Tag markdown

Recent Posts

Markdownify Tests and PEAR Text_Diff (April 01, 2011)

Yes, I’m finally gearing towards the release of my html2text.php successor, dubbed Markdownify. I’m using exessive testing and utilize the MDTest suite to find potential regressions etc. I’m really enjoying to program little CLI scripts with PHP, it just works like a charm.

Here’s an example of how my test suite currently looks like:

alt text

To the left is the original input (HTML), in the middle you find the generated Markdown and to the right HTML again - but now generated via PHP Markdown by Michel Fortin. The pretty colors mark changes between the two HTML versions. I use PEAR Text_Diff for this and a little of my own code. But since all of the existing diff engines for Text_Diff took ages for the Markdown Documentation (~400 lines afair), I wrote a Text_Diff engine which utilizes [shell_exec](http://www.php.net/shell_exec)() and GNU diff. This is blazingly fast and works like a charm! You can get the source code over at pastebin.org. Also take a look on the feature request I made. Dunno if this was the correct place for that…

Hello Drupal World! (February 21, 2008)

Yes! I’ve finally done it. I’ve moved my website to Drupal, which is so much better than my old 3co stuff. Tons of great modules out there and those I couldn’t find for Drupal 6, which was recently released, I ported. Well not all of them, there are still some I’m really looking forward. On the top of my list are definitely the spam module and the Akismet module. Minutes after my move I got my first spam comment…

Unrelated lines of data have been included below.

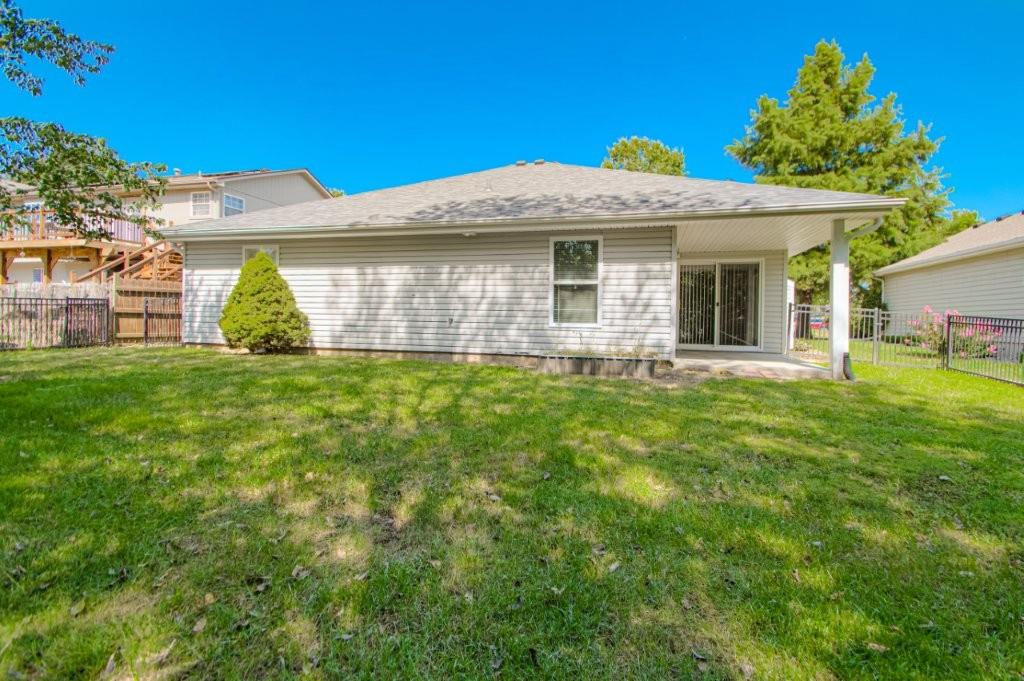 603 Southwest Creek Ridge Drive . Grain Valley, MO 64029 - Photo 26 of 26 Gallery Image 26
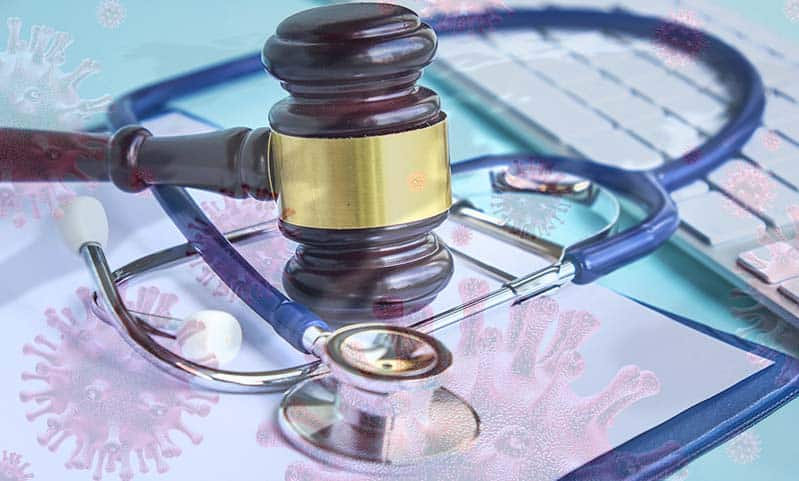 działania prawne związane z koronawirusem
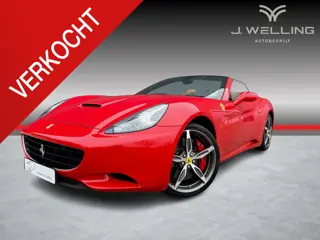 Ferrari California 4.3 V8 org.NL / 2e eig / keramisch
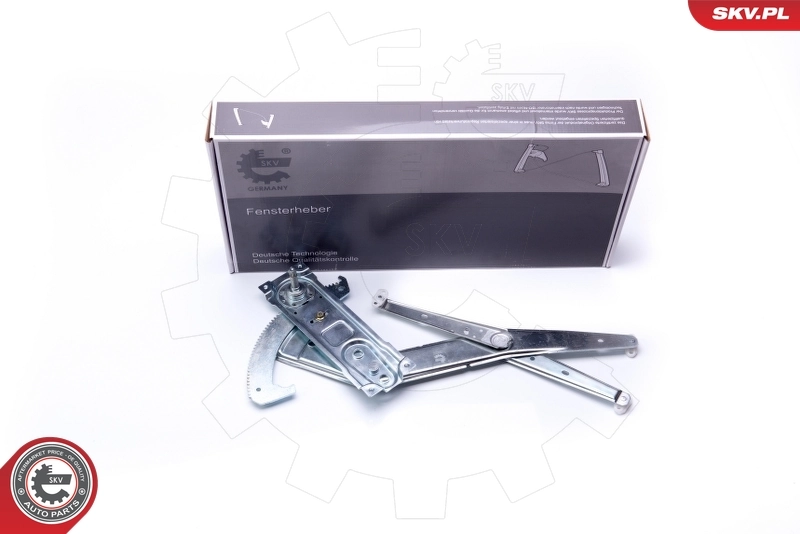 Window Regulator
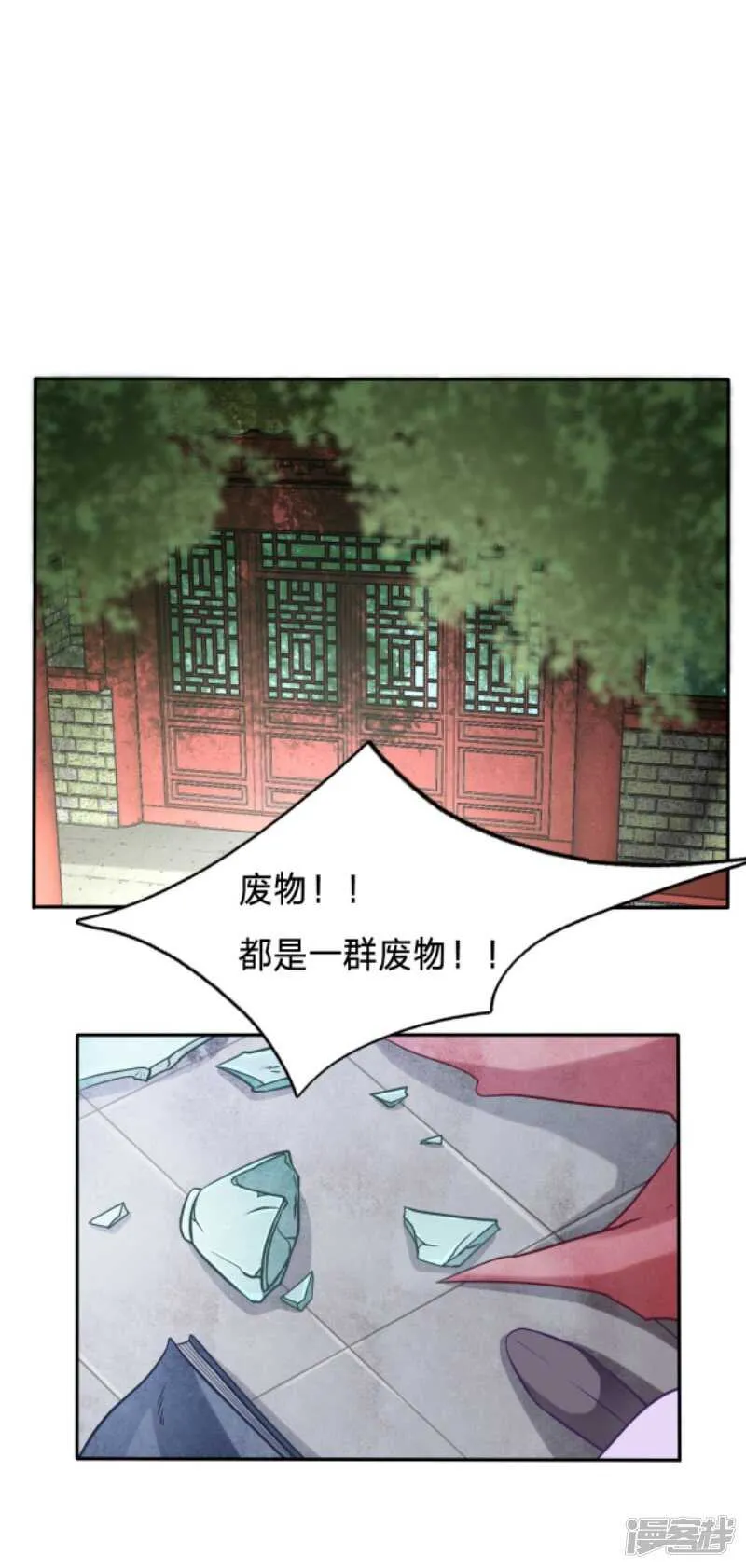 再次昏迷的太子妃 第11页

Well let’s see how I might get involved into Drupal development. I already filed some patches for the following modules:

Marksmarty: better GeSHi support and some other minor things, but it doesn’t seem to be what the maintainer wants. I’ll have to move it into another extra-module then. Also some work to separate Smartypants and Markdown into distinct modules. Furtheron I’ve added support for PHP Markdown’s no-markup mode. This as well needs some more work. Maybe it will be dropped again and the pristine Drupal HTML Filter will be used, lets see.

Second Markdownify Beta released (February 03, 2008)

I’ve just released a second Markdownify Beta with better PHP 4 support and some other small bug fixes. You can download it from sourceforge.

Markdownify Beta released (February 03, 2008)

Finally I’ve completed the Markdownify website. Also I’ve released the first beta, here the news text from SourceForge:

This is the first beta release of Markdownify - the HTML to Markdown converter for PHP.

It is very stable and should handle nearly all features of Markdown and Markdown Extra syntax. Missing are only two things:

“Markdown inside block elements” for Markdownify Extra

word wrapping

These two things will be added before the first “stable” release. Additionally some performance improvements will hopefully be added.

You are encouraged to use this release in your web applications. Please let me know if you find any bugs. Also a code review by anyone would be very much appreciated!

Download it now

html2text rewrite (May 16, 2007)

A few days ago I started a complete rewrite of html2text. It now uses a new htmlparser (also written by me) which should make the whole HTML cleanup process obsolete. The generic XML parser which is currently used dies on invalid XHTML, with my parser it should be possible do handle errors and parse HTML 4.01 documents without any regex magic beforehand.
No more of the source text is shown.